Fortunato te! esclamai fra me stesso. Tu almeno non hai dimenticato la chiave. Non so chi fosse, nè se in quella casa avesse il suo domicilio legale. Capite bene che non me ne sono curato, per non parere più indiscreto degli altri.
Di quando in quando un altro passo si udiva avvicinarsi or da una parte or dall'altra. Erano operai che avevano protratto il loro lavoro, o ne avevano scialato il guadagno al caffè. Di altre cause dell'indugio non vo' parlare, perchè quella sera, trovandomi in una posizione che poteva parere equivoca, non era disposto a commettere giudizii temerarii sul conto del prossimo. Anche questi ultimi sintomi della vita e del lavoro umano diventavano sempre più radi, e finalmente cessarono.

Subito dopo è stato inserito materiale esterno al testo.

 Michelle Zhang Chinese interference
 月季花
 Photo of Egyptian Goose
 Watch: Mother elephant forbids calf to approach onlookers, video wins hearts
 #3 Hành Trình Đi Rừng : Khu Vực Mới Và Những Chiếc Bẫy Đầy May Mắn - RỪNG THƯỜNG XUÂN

E mio nipote non ritornava. Dove trovavasi egli mai a quell'ora? Se avessi potuto immaginare da qual parte venisse, gli sarei mosso incontro. Ma la fortuna e i nipoti girovaghi non si sa da qual parte ci vengano.

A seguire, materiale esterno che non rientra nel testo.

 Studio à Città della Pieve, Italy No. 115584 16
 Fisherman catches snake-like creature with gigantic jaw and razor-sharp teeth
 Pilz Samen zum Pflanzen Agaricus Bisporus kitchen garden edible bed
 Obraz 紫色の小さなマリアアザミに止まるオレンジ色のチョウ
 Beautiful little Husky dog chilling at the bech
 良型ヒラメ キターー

Rimasi solo.... aspettando. Non mai mi ricorse al pensiero con più dispetto il proverbio veneziano:
Aspetar e no vegnir
Xe una cossa da morir.
III.
Gli spiriti delle tenebre.
Chi non ha avuto alcuna volta la curiosità di trovarsi a contatto del mondo secreto? Io l'ebbi questo desiderio più o meno peccaminoso. Ma per quanti libri di magìa bianca e negra mi avvenisse di scorrere, per quante tavole facessi girare, per quante invocazioni facessi, non dirò al diavolo in persona, ma agli dei pagani che dovrebbero essere un quid simile, non mi avvenne mai di vederne nè coda nè corno. Anzi la mia stimabile amica Aretusa avendo evocato per me con tutta l'intensità della fede lo spirito di Felice Orsini, si udì rispondere ch'io non era degno ancora di entrare in communicazione colle anime sciolte dal corpo. E la causa è chiara per sè: io non ho fede che basti per forzar la natura.
Ma questa sera, chi sa? Fosse il dispetto del mondo visibile, fosse quello stato di stanchezza e di sonnolenza in cui mi trovavo, ebbi un lampo, se non di fede, almeno di speranza. Non feci soffumigi di zolfo, non segnai sul terreno il magico segno di Salomone. Codeste sono cose da ciarlatani. Raccolsi tutta la forza della mia volontà, e comandai mentalmente: venite! venite! venite!
Guardai intorno: tesi l'orecchie. Nessuno strepito, nessun fenomeno che mi avvisasse d'essere stato obbedito. Che è che non è, veggo uscire da un'apertura a fior di terra, ch'io non avevo punto avvertita, un non so che di semovente, nero nero, che allungando silenziosamente il passo e quasi strisciando se ne veniva alla mia volta. Aveva due occhi fiammanti che lucevano nell'ombra come due topazi fosforici. Quei due occhi si affisavano nei miei, quasi volessero magnetizzarmi. Non era un cane, non era un gatto, o almeno mi pareva d'una struttura diversa. Era lungo, magro, smilzo come una donnola, ma quattro volte più grande di quelle che mai vedessi. Si avvicinava cauto, incerto, come tentasse il terreno, come volesse assicurarsi ch'io l'avessi veramente chiamato.